(Crawled caption data)
-------
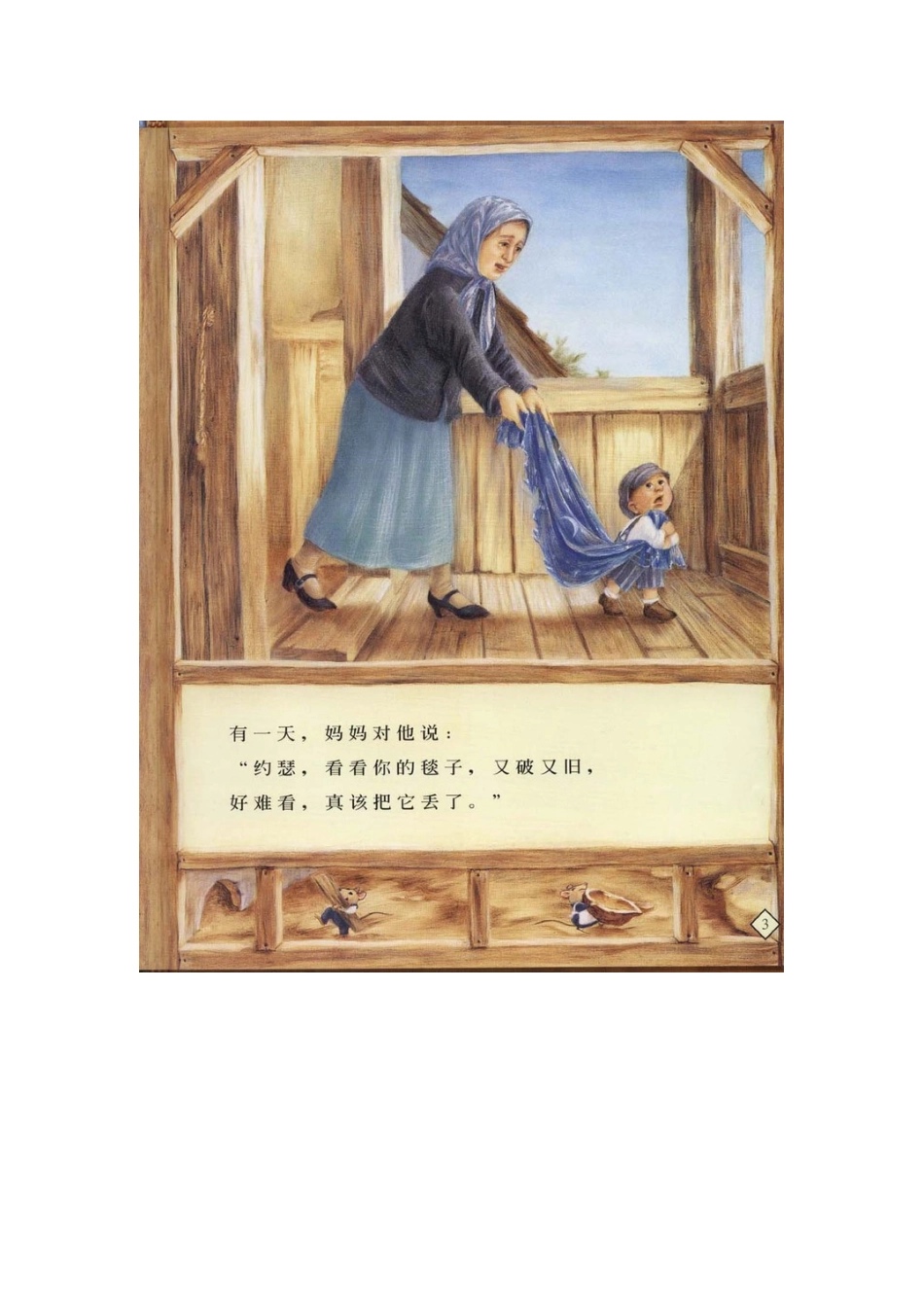 绘本《爷爷一定有办法》_第3页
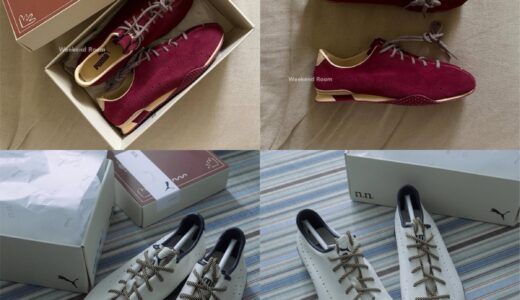 no after no n.n. x Puma H-Street が発売開始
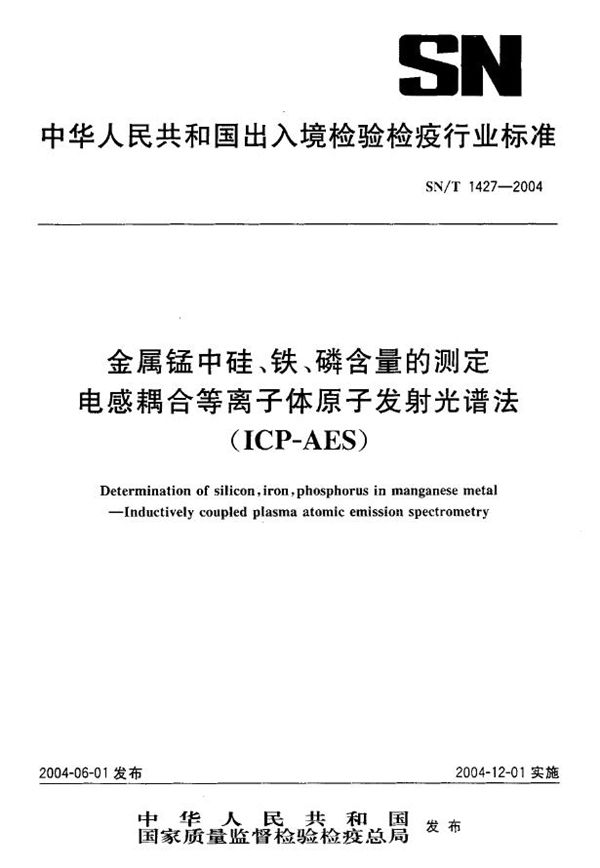 SN/T 1427-2004 金属锰中硅、铁、磷含量的测定 电感耦合等离子体原子发射光谱法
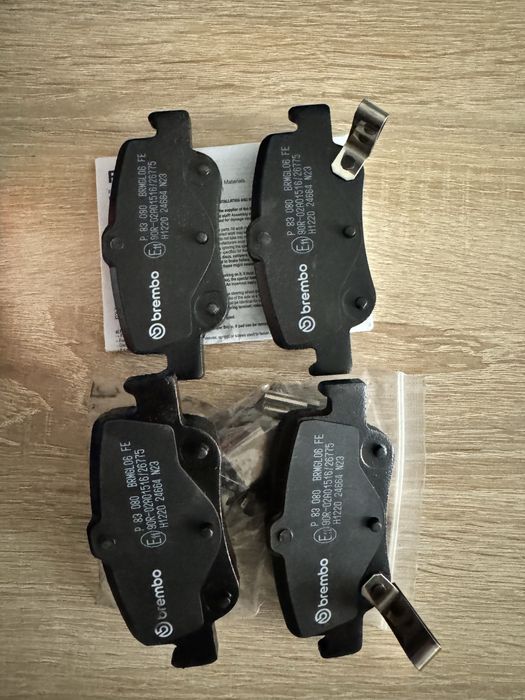 Гальмівні колодки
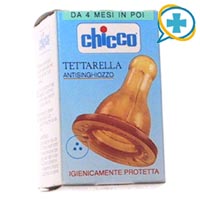 TETINA CHICCO CAUCHO 3 AGUJEROS 62157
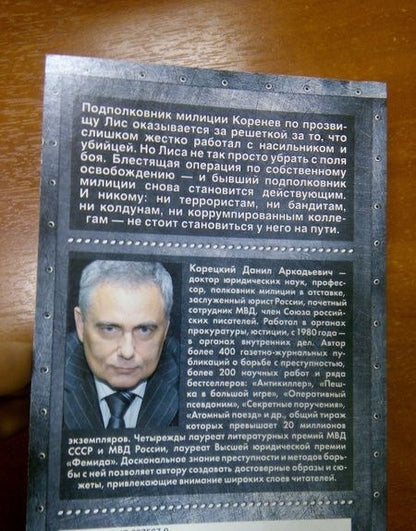 Фотография книги "Корецкий: Антикиллер-2"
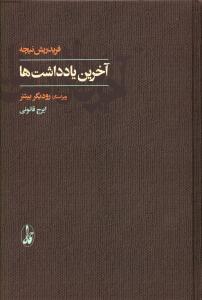 آخرین یادداشت ها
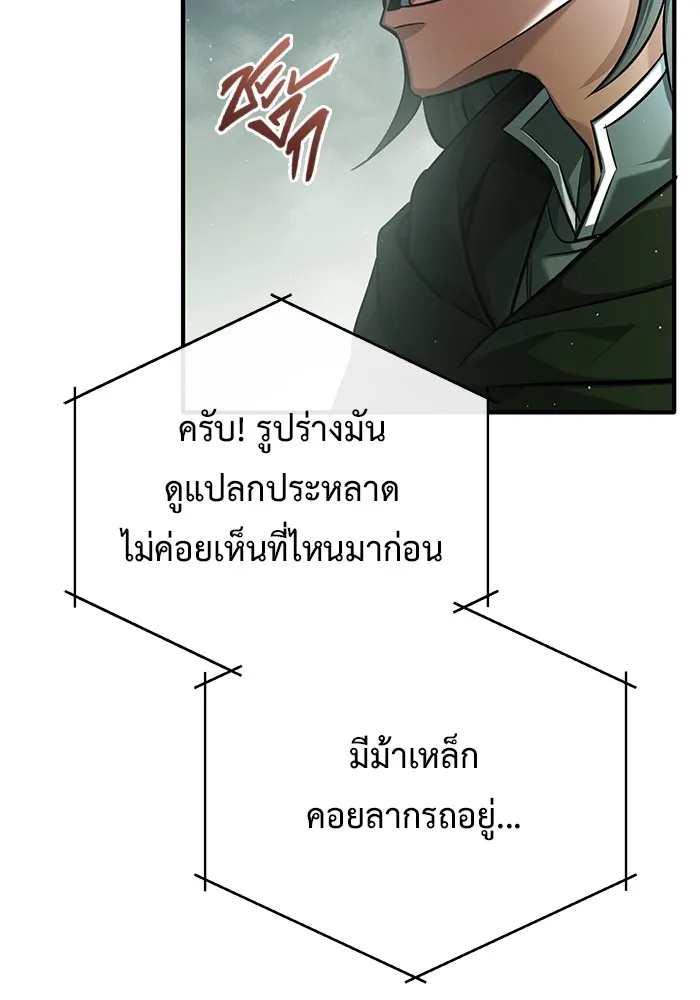 ชีวิตหลังเกษียณของผู้ย้อนเวลา ตอนที่ 36 รูปที่ 11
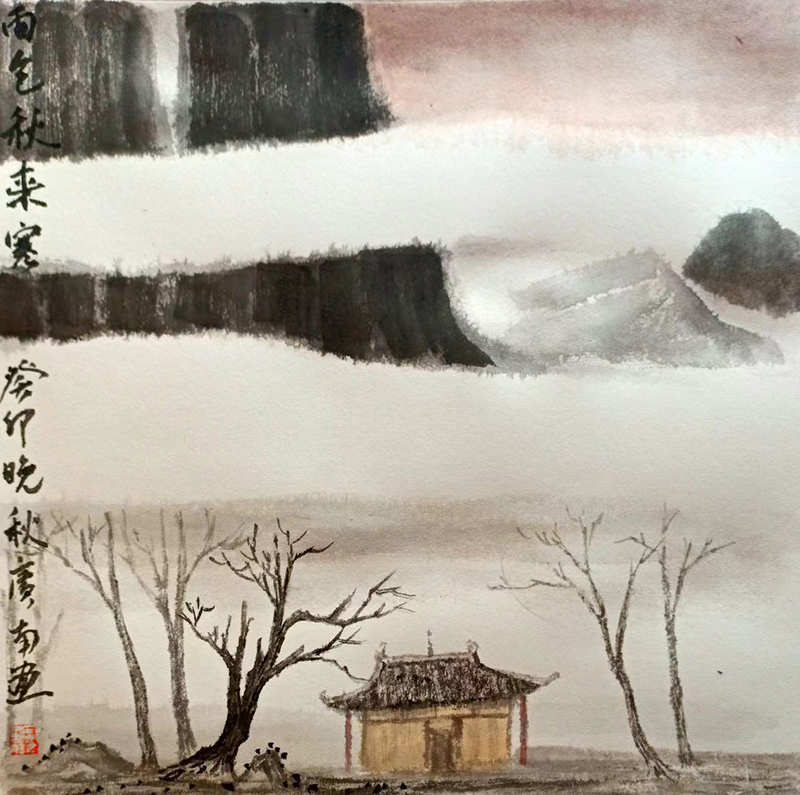筆墨簡遠 禪意濃郁——李廣南先生畫作在“成功美術館2024迎新春當代書畫名家邀請展”展出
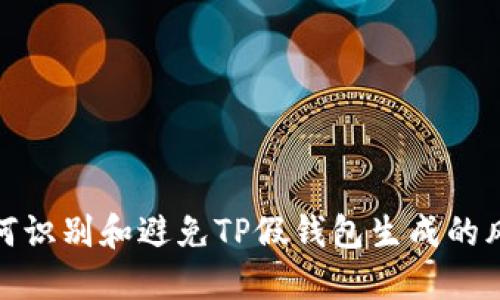 如何识别和避免TP假钱包生成的风险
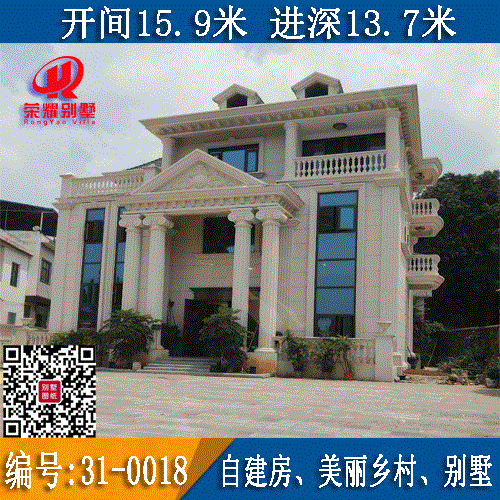 永州别墅、荣耀别墅、别墅设计、别墅效果图、别墅图纸、别墅设计图、农村别墅、自建房、私家别墅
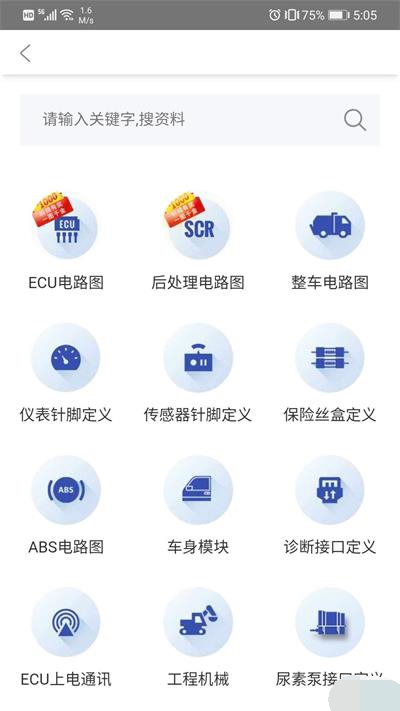 卡修专家截图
-------
▶ [EXERCISE DESCRIPTION]: With the pictures omitted, reproduce the data above exactly.

▶ [RESULT FOR THIS EXERCISE]:
 绘本《爷爷一定有办法》_第3页
 no after no n.n. x Puma H-Street が発売開始
 SN/T 1427-2004 金属锰中硅、铁、磷含量的测定 电感耦合等离子体原子发射光谱法
 Гальмівні колодки
 TETINA CHICCO CAUCHO 3 AGUJEROS 62157
 Фотография книги "Корецкий: Антикиллер-2"
 آخرین یادداشت ها
 ชีวิตหลังเกษียณของผู้ย้อนเวลา ตอนที่ 36 รูปที่ 11
筆墨簡遠 禪意濃郁——李廣南先生畫作在“成功美術館2024迎新春當代書畫名家邀請展”展出
 如何识别和避免TP假钱包生成的风险
 永州别墅、荣耀别墅、别墅设计、别墅效果图、别墅图纸、别墅设计图、农村别墅、自建房、私家别墅
 卡修专家截图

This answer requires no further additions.